Saturday, August 1, 2015

Daniel Harmon: Creating Nonfiction For Teens and Young Adults

Daniel Harmon has been working in book publishing since 2003—first developing history projects at Greenwood/ABC-Clio, then acquiring pop culture books for Praeger Publishers, and most recently overseeing the publishing program at Zest Books, an independent publisher of nonfiction books for teens and young adults.

Since joining Zest in 2012, Daniel has acquired Zest’s first book to sell in excess of 25,000 copies, developed Zest’s first three projects to receive starred reviews, and launched Pulp, a new imprint for older readers. He is also the author of the book Super Pop! (which Kirkus called “weird, witty, and endlessly entertaining”).



Daniel shares that the Zest approach to publishing is

franker

fun, and

from cover to last word, working to keep teen readers interested.

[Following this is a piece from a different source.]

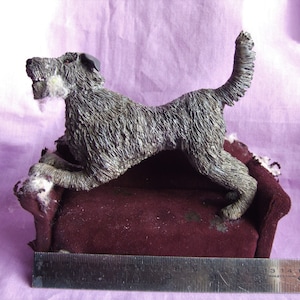 May include: A gray, furry dog figurine is posed on a burgundy velvet couch. The dog is standing on its hind legs with its front paws resting on the edge of the couch. The figurine is approximately 15 cm long.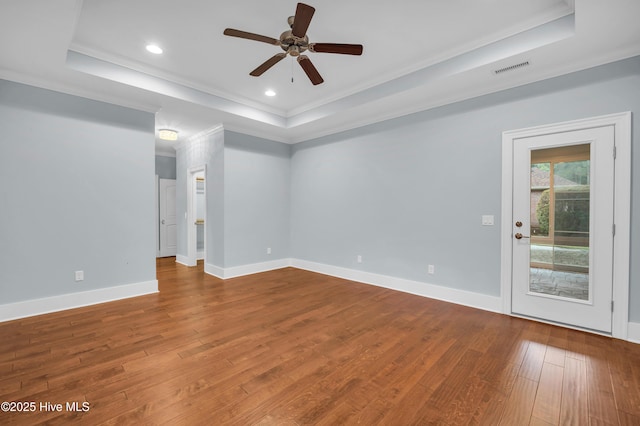 1115 Eldora Ct, Leland, NC 28451 - empty room featuring a tray ceiling, crown molding, ceiling fan, hardwood / wood-style floors, and recessed lighting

He speaks of how they've moved into doing more middle grade, and doing books for all ages. Their tagline is

Books for young adults of all ages.

Explaining what "all ages means," he says

Doing books explicitly for teens is a great way to make sure you get no teen readership.

They're trying to create books teens will want to pick up and adults will want to pick up, too.

He explains their efforts to add art (primary source materials, photos, infographics...), figure out where their books will be placed in bookstores, if it's librarian-bait or more tailored for the gatekeeper/blogger world, their new imprint Pulp that's aiming more new adult, their teen advisory board and much more.

Talking us through a variety of Zest's titles, he explains

"You don't need to dumb things down to make it teen-friendly."








Two upcoming titles:


Unslut
the author's middle school diary of being bullied and shamed for being the school "slut" alongside her contemporary perspective, and



Plotted
A literary atlas, literary maps of treasured books, like Huck Finn and Watership Down.

"Really what we're trying to do is stay surprised ourselves. Doing a book that actually adds something."